Dearest Internet,
You opened up a new world to me, especially at my previous job during which I had the time to explore your outermost corners and stumble upon blogging. Thanks for that, Internet. You're the greatest. And yet, you suck. Seems like I should be wasting time at the beach rather than staring into your void and rat-tat-tapping on this (albeit lovely) stupid keyboard. Here are some things I want you to remember, Internet, so that maybe I'll have better feelings about you:
• Contrary to what some of my past lovers may tell you (liars, all of them), my penis is just fine the way it is. My wife is happy (and so am I), and that's all that matters. Even at age 31, it still readily responds to commands. Stop sending me spam e-mails! Go bother John Bobbitt.
• You've made it too easy to dream about a new car I can't afford. Although I've narrowed my list to three conceivables, you still try to tempt me with Infinitis, Lexi and Mercedes with lease offers that would eventually drown the family.
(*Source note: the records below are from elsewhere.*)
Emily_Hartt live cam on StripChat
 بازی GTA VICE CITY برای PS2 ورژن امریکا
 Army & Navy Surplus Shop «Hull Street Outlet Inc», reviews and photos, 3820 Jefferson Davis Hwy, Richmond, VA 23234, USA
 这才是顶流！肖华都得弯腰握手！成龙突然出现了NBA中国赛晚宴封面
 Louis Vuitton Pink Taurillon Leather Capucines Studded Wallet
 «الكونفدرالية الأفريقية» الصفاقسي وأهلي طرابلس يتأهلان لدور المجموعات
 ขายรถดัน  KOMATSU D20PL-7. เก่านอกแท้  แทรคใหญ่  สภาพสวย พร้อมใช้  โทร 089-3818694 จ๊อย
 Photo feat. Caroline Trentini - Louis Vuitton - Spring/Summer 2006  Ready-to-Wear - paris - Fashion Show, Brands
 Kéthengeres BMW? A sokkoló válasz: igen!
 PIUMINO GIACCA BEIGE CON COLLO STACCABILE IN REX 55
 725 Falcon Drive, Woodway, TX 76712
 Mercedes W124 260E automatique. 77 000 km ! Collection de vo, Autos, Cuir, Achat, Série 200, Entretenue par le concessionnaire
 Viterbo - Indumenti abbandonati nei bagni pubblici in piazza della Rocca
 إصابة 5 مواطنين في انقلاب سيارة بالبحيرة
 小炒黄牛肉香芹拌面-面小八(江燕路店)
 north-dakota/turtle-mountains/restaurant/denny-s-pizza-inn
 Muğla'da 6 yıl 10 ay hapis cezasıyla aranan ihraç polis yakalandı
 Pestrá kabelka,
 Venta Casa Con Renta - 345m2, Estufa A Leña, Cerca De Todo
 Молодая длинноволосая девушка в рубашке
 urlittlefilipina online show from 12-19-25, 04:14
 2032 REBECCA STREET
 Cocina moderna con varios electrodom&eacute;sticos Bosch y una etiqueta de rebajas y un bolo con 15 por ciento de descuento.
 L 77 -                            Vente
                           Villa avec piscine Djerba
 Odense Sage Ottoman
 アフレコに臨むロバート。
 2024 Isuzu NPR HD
And hey, Mini Cooper convertible, stop looking like so much fun! You're not practicial enough for a family of four (that's including the dog). Jeep Wrangler, sorry, you are super cool and rugged, but we need something we can drive cross-country without jostling our giblets. One part of my anatomy that has grown is my practicality bone: I want closer to 30 mpg on the highway, you worldwide webby wonder, you.
• Ditto on a new bicycle. Although the mpg is right, I am unable to justify even a "bargain" $1,000 for a new pedal-powered ride. I guess I'm stuck on my 10-year-old green mountain bike for at least awhile. Good news, however. For Father's Day I got a book (via amazon.com) on building that boat I've wanted to build for years. If I can get some more home projects done, I'll begin constructing the canoe. It'll be like a bike for the water, but cheaper and wetter (yikes, that sounds like a porn site).
• A bit of good news, Internet! We'll be able to access you faster, which will make it less hard and possibly keep us on longer (sounding like a spam e-mail here). Found a DSL offer that's only $5 per month higher than the crummy dialup we've been using. Maybe a wee bit of speed will allow me to use iTunes to the nth degree. Download, download, download, baby!
• Last but not least, thanks for being open 24 hours a day, seven days a week – whether we want you to be or not.
Love,
T-bone

An old friend from high school stumbled on my blog today. It's so interesting to realize the ways we communicate today... with an emphasis on email, and the www in general.
I like to think of my life in terms of BI and AI (before and after my introduction to the www circa 1993). :)
Don't forget your slushie and your lottery ticket. Ahhh, the delights of ye olde internet.
The picture of your son looking up the tree trunk is priceless. I guess I'm prejudice because in that picture, he looks exactly like my son at that age.
I remember you talking about that boat when I first started reading you. Build it already! :)
And we finally got DSL too. I thought we were the last ones on the planet to get it, but I guess you made us seem like the techie family that we're not! :)
Hey, I just drove 1800 miles in the wrangler and I had boobs to contend with, which are still attached, btw. Anyhoo, I have internet again, YAY!!!
Good thing I don't have a porn filter on my computer. With a title like "bigger, harder and longer lasting", content like "cheaper & wetter" and comments like the one from Julia about her boobs, I wouldn't be able to read your wisdom.
Don't forget about all the free stuff you can get on the internet like $250 gift cards! I got a "free" credit report once. Of course I didn't read the small print, a month later, I was charged $79.95 for some "Credit Monitoring Service". Yes, I called, bitched, and had them credit the money back.